Fonte: Revista Proteção

Unaí - MG se tornou célebre por causa do episódio da chacina de três auditores fiscais - Eratóstenes de Almeida Gonçalves, João Batista Soares Lage e Nelson José da Silva - e um motorista - Ailton Pereira de Oliveira - que estavam a serviço do Ministério do Trabalho e Emprego. Eles foram assassinados numa emboscada durante fiscalização de rotina que realizam no dia 28 de janeiro de 2004. A data foi convertida oficialmente no Dia Nacional de Combate ao Trabalho Escravo.

No conjunto da operação, foram fiscalizadas duas frentes de trabalho (Pivô 21, da Fazenda Gado Bravo e Pivô 9, da Fazenda São Miguel), ambas direcionadas ao cultivo de feijão. A Gado Bravo está registrada em nome da Agropecuária Gado Bravo Ltda., que tem como sócios os irmãos Marino e Camila Stefani Colpo; já a São Miguel pertence a Marino Stefani Colpo. A família também possui a Fazenda Três Governadores. Juntas, as três propriedades somam 12 mil hectares e produzem milho, trigo, soja e feijão.

Nenhum dos libertados tinha a Carteira de Trabalho e Previdência Social (CTPS) assinada. A jornada da capina e colheita do feijão começava as 4h30 e se estendia até às 14h30, sem que fosse respeitado o intervalo para repouso e alimentação. Segundo depoimentos, a labuta se estendia aos domingos, em descumprimento ao descanso semanal.

O pagamento feito pelo "gato", que subtraía boa parte dos recursos que vinha dos proprietários, era por produção, sem qualquer recibo. Havia um sistema de endividamento dos empregados por meio de uma cantina em que alimentos, produtos de higiene e outros gêneros eram "vendidos" a preços mais altos que os praticados pelo mercado.

O transporte de trabalhadores era completamente irregular e o manuseio de agrotóxicos (armazenamento, sinalização e estrutura exigidas), inadequado. Ao todo, foram lavrados 35 autos de infração na São Miguel e 33 na Gado Bravo; quatro autos de interdição (dois ônibus, um caminhão e um alojamento) também foram emitidos ao longo da operação.

As vítimas foram aliciadas nos municípios de Arinos (MG) e Buriti (MG) pelo intermediário ("gato") José de Oliveira Silva, conhecido como "Zezão", que veiculou anúncios sonoros em carros de som.

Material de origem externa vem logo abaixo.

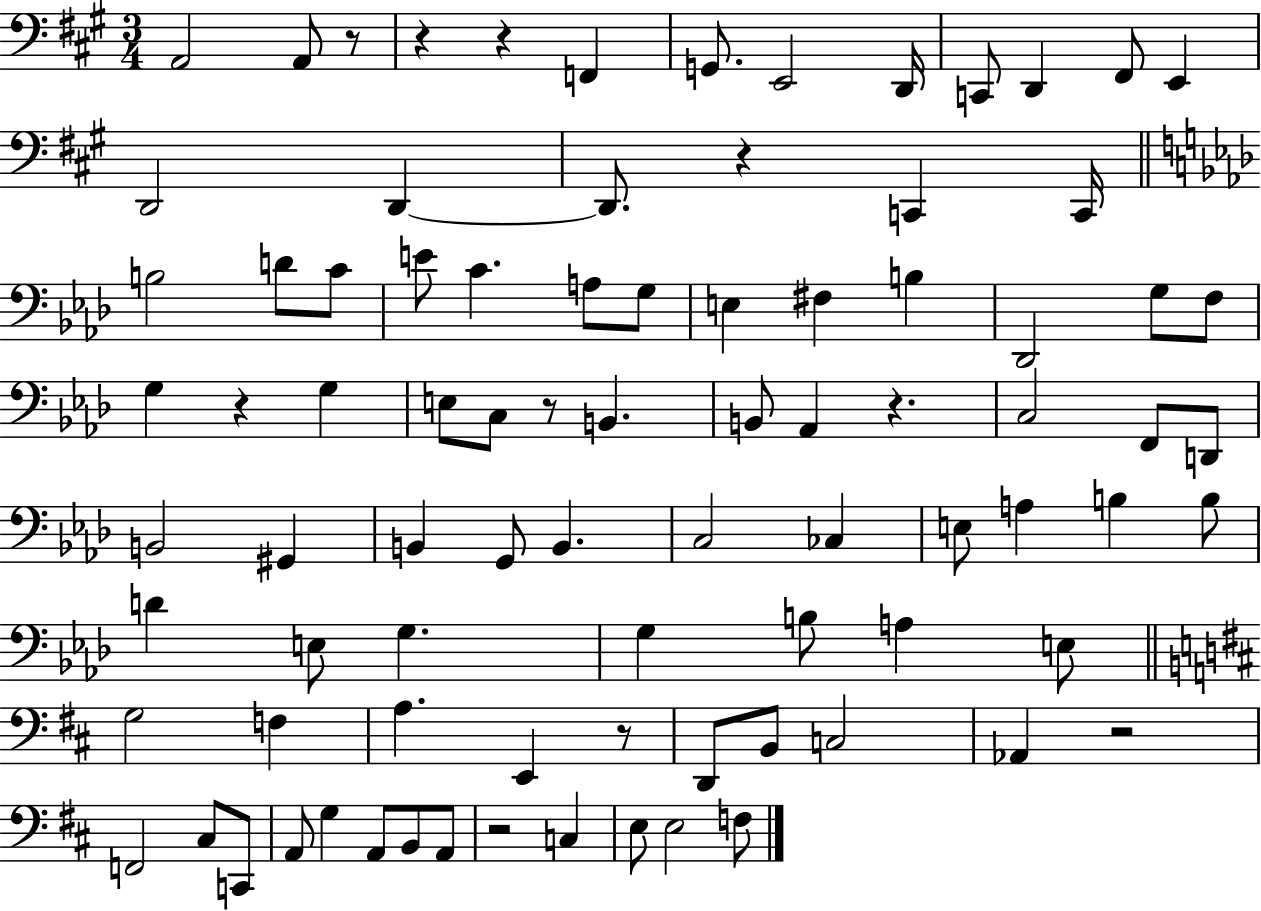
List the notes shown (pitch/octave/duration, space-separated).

A2/h A2/e R/e R/q R/q F2/q G2/e. E2/h D2/s C2/e D2/q F#2/e E2/q D2/h D2/q D2/e. R/q C2/q C2/s B3/h D4/e C4/e E4/e C4/q. A3/e G3/e E3/q F#3/q B3/q Db2/h G3/e F3/e G3/q R/q G3/q E3/e C3/e R/e B2/q. B2/e Ab2/q R/q. C3/h F2/e D2/e B2/h G#2/q B2/q G2/e B2/q. C3/h CES3/q E3/e A3/q B3/q B3/e D4/q E3/e G3/q. G3/q B3/e A3/q E3/e G3/h F3/q A3/q. E2/q R/e D2/e B2/e C3/h Ab2/q R/h F2/h C#3/e C2/e A2/e G3/q A2/e B2/e A2/e R/h C3/q E3/e E3/h F3/e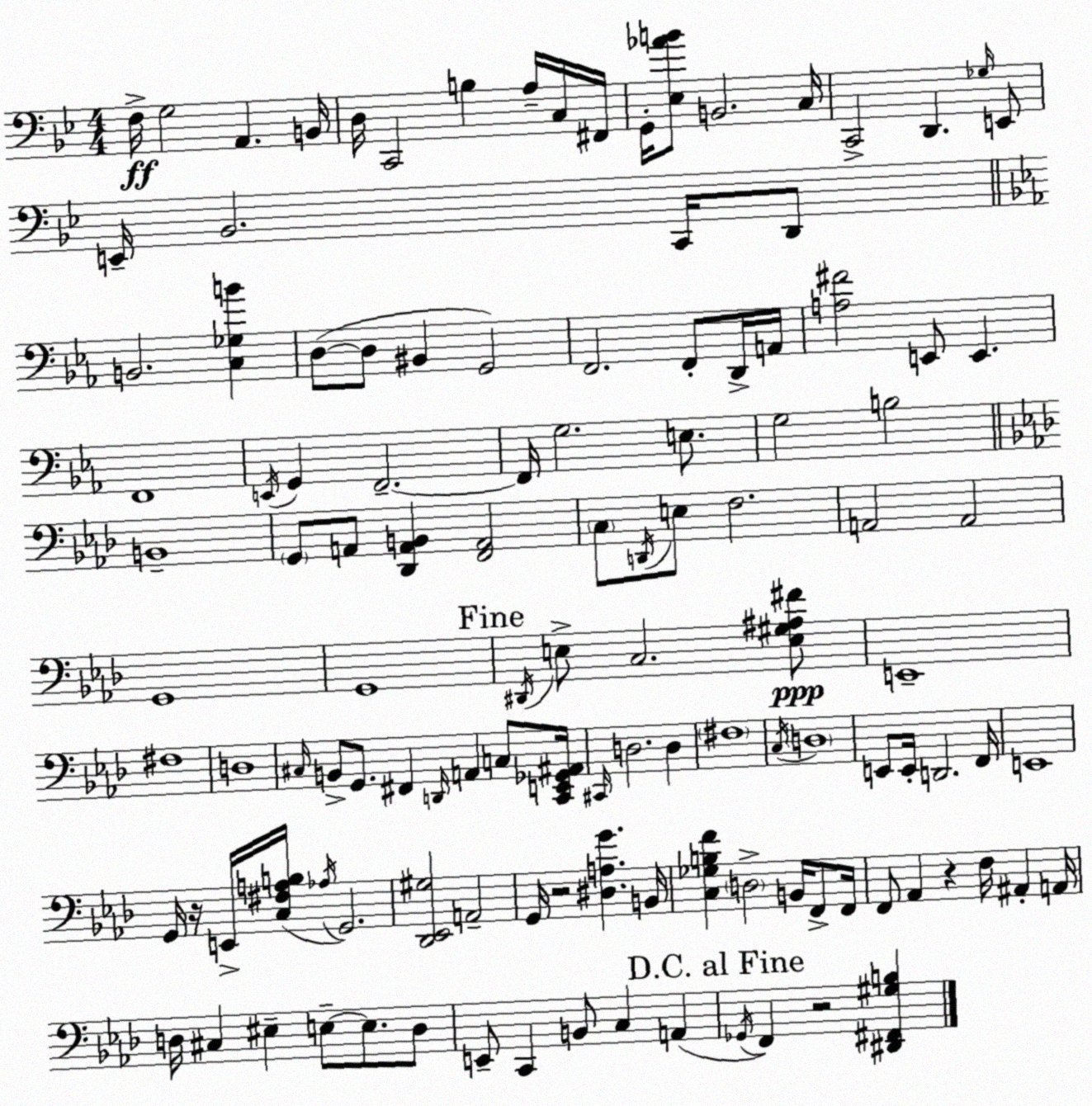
X:1
T:Untitled
M:4/4
L:1/4
K:Gm
F,/4 G,2 A,, B,,/4 D,/4 C,,2 B, A,/4 C,/4 ^F,,/4 G,,/4 [_E,_AB]/2 B,,2 C,/4 C,,2 D,, _G,/4 E,,/2 E,,/4 _B,,2 C,,/4 D,,/2 B,,2 [C,_G,B] D,/2 D,/2 ^B,, G,,2 F,,2 F,,/2 D,,/4 A,,/4 [A,^F]2 E,,/2 E,, F,,4 E,,/4 G,, F,,2 F,,/4 G,2 E,/2 G,2 B,2 B,,4 G,,/2 A,,/2 [_D,,A,,B,,] [F,,A,,]2 C,/2 D,,/4 E,/2 F,2 A,,2 A,,2 G,,4 G,,4 ^D,,/4 E,/2 C,2 [E,^G,^A,^F]/2 E,,4 ^F,4 D,4 ^C,/4 B,,/2 G,,/2 ^F,, D,,/4 A,, C,/2 [C,,E,,_G,,^A,,]/4 ^C,,/4 D,2 D, ^F,4 C,/4 D,4 E,,/2 E,,/4 D,,2 F,,/4 E,,4 G,,/4 z/4 E,,/4 [C,^F,A,B,]/4 _A,/4 G,,2 [_D,,_E,,^G,]2 A,,2 G,,/4 z2 [^D,A,G] B,,/4 [C,_G,B,F] D,2 B,,/4 F,,/2 F,,/4 F,,/2 _A,, z F,/4 ^A,, A,,/4 D,/4 ^C, ^E, E,/2 E,/2 D,/2 E,,/2 C,, B,,/2 C, A,, _G,,/4 F,, z2 [^D,,^F,,^G,B,]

"Zezão" dispunha da colaboração de familiares para manter sua atividade. Seu filho atuava diretamente como motorista do ônibus que conduzia as pessoas até às frentes de trabalho, um irmão controlava a produção, e uma irmã e outro irmão mantinham a cantina próxima à fazenda, na qual empregadas e empregados acumulavam dívidas.

"O ´gato´ estava presente na fiscalização desde o começo. Mas no desenrolar da ação, chegou um responsável pelos recursos humanos do grupo e outra pessoa ligada diretamente ao patriarca da família [Neri Carlos Colpo, pai de Marino e Camila]", explica Valéria Guerra, auditora fiscal da SRTE/MG que participou da ação. Com apoio da Polícia Rodoviária Federal (PRF), a fiscalização ocorreu entre 20 de setembro e 1º de outubro de 2010.

Recursos

Há cerca de um mês, a Quinta Turma do Supremo Tribunal de Justiça (STJ) rejeitou, por unanimidade, recursos especiais apresentados por dois acusados de envolvimento na Chacina de Unaí. Com a decisão, o processo principal, que tramita no Tribunal Regional Federal da 1a Região (TRF-1), poderá ser levado ao Tribunal do Júri, em Belo Horizonte (MG).

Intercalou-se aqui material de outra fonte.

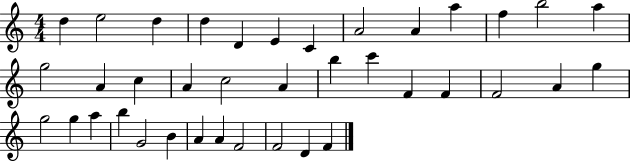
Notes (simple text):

D5/q E5/h D5/q D5/q D4/q E4/q C4/q A4/h A4/q A5/q F5/q B5/h A5/q G5/h A4/q C5/q A4/q C5/h A4/q B5/q C6/q F4/q F4/q F4/h A4/q G5/q G5/h G5/q A5/q B5/q G4/h B4/q A4/q A4/q F4/h F4/h D4/q F4/q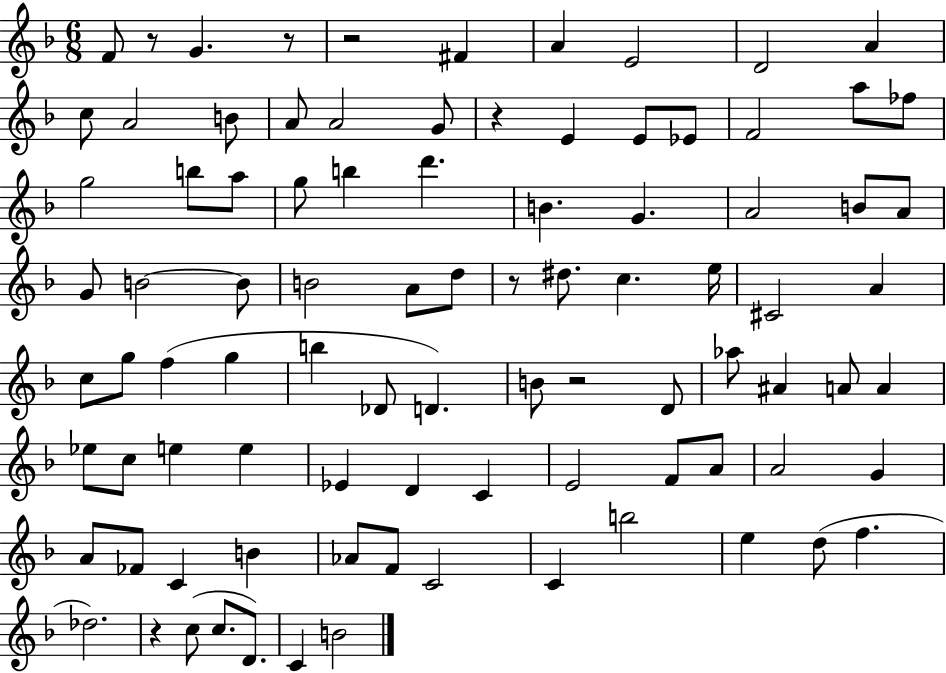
X:1
T:Untitled
M:6/8
L:1/4
K:F
F/2 z/2 G z/2 z2 ^F A E2 D2 A c/2 A2 B/2 A/2 A2 G/2 z E E/2 _E/2 F2 a/2 _f/2 g2 b/2 a/2 g/2 b d' B G A2 B/2 A/2 G/2 B2 B/2 B2 A/2 d/2 z/2 ^d/2 c e/4 ^C2 A c/2 g/2 f g b _D/2 D B/2 z2 D/2 _a/2 ^A A/2 A _e/2 c/2 e e _E D C E2 F/2 A/2 A2 G A/2 _F/2 C B _A/2 F/2 C2 C b2 e d/2 f _d2 z c/2 c/2 D/2 C B2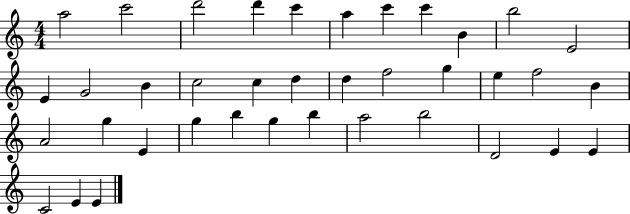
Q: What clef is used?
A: treble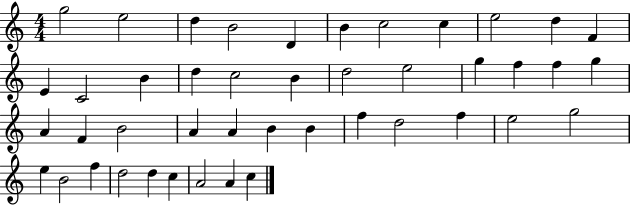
{
  \clef treble
  \numericTimeSignature
  \time 4/4
  \key c \major
  g''2 e''2 | d''4 b'2 d'4 | b'4 c''2 c''4 | e''2 d''4 f'4 | \break e'4 c'2 b'4 | d''4 c''2 b'4 | d''2 e''2 | g''4 f''4 f''4 g''4 | \break a'4 f'4 b'2 | a'4 a'4 b'4 b'4 | f''4 d''2 f''4 | e''2 g''2 | \break e''4 b'2 f''4 | d''2 d''4 c''4 | a'2 a'4 c''4 | \bar "|."
}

Os recursos foram apresentados pelo empresário Alberto de Castro e pelo cerealista Hugo Alves Pimenta que, assim como os irmãos Norberto e Antério Mânica, foram denunciados como mandantes do assassinato dos auditores que inspecionavam propriedades na região.

No total, nove pessoas foram indiciadas pelo crime. Cinco delas, mais vinculadas à execução da chacina, estão presa; outras quatro (José Alberto, Hugo, Norberto e Antério) aguardam o julgamento em liberdade. Um dos maiores produtores de feijão do país, Antério Mânica concilia a atividade de produtor rural com o posto de prefeito do município de Unaí (MG).